What is the expectation of G? What is the variance of G? Example 6.13 A girl scout troop has 100 boxes of cookies to sell. Of these 100 boxes, 60 are thin mints and 40 are Samoas. 10 boxes are randomly selected to be sold at the White County Fair. Let S be the number of boxes of Samoas selected to go to the fair. What is the distribution of S as well as the value(s) of its parameter(s)? Find the probability that S is 0. Suppose that thin mints can sell for $4 and Samoas can sell for $3.50. What is the expected value and standard deviation of the amount of money the girl scouts will make at the fair (assume that all 10 selected boxes will be sold). Example 6.14 Tom Maloney decided to hang out with friends the night before his quiz and did not study. He has no knowledge of any of the material on the quiz.
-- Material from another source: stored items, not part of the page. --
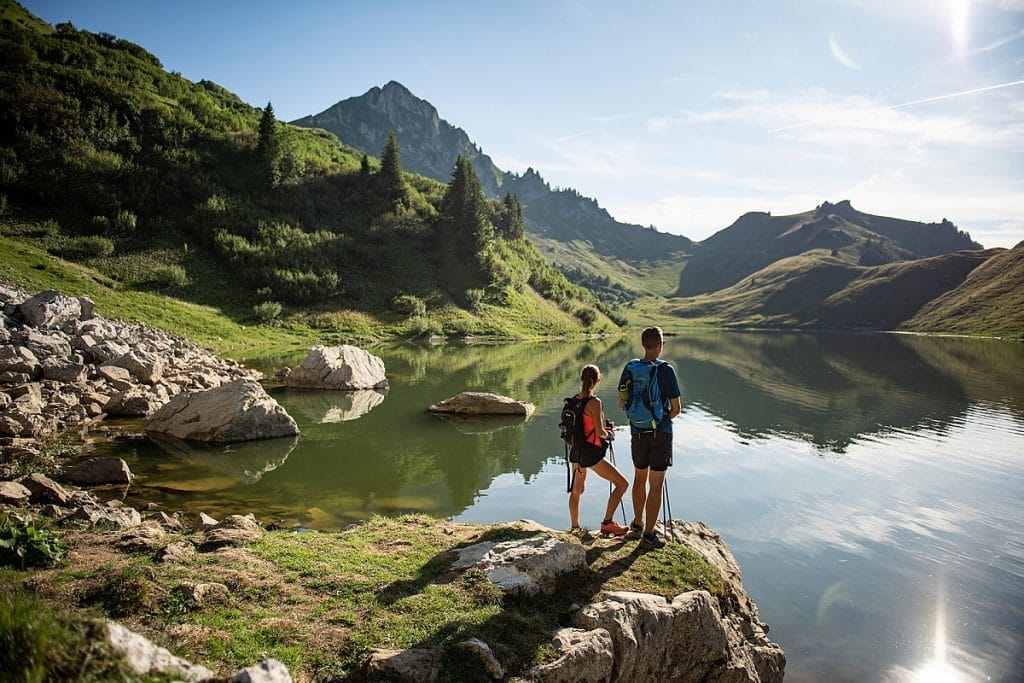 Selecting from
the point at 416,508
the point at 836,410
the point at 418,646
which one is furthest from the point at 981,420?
the point at 418,646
The quiz consists of 5 multiple choice questions with 3 possible answers each. Let T be the number of answers that Tom correctly guesses. What is the distribution and parameter(s) of T? What is the probability that Tom gets at least a B (on our grading scale)? Example 6.15 Flaws on a used computer tape occur on the average of one flaw per 1,200 feet. Let X denote the number of flaws in a 4,800 foot roll. Name the distribution of X. What is the probability that X is at least 1?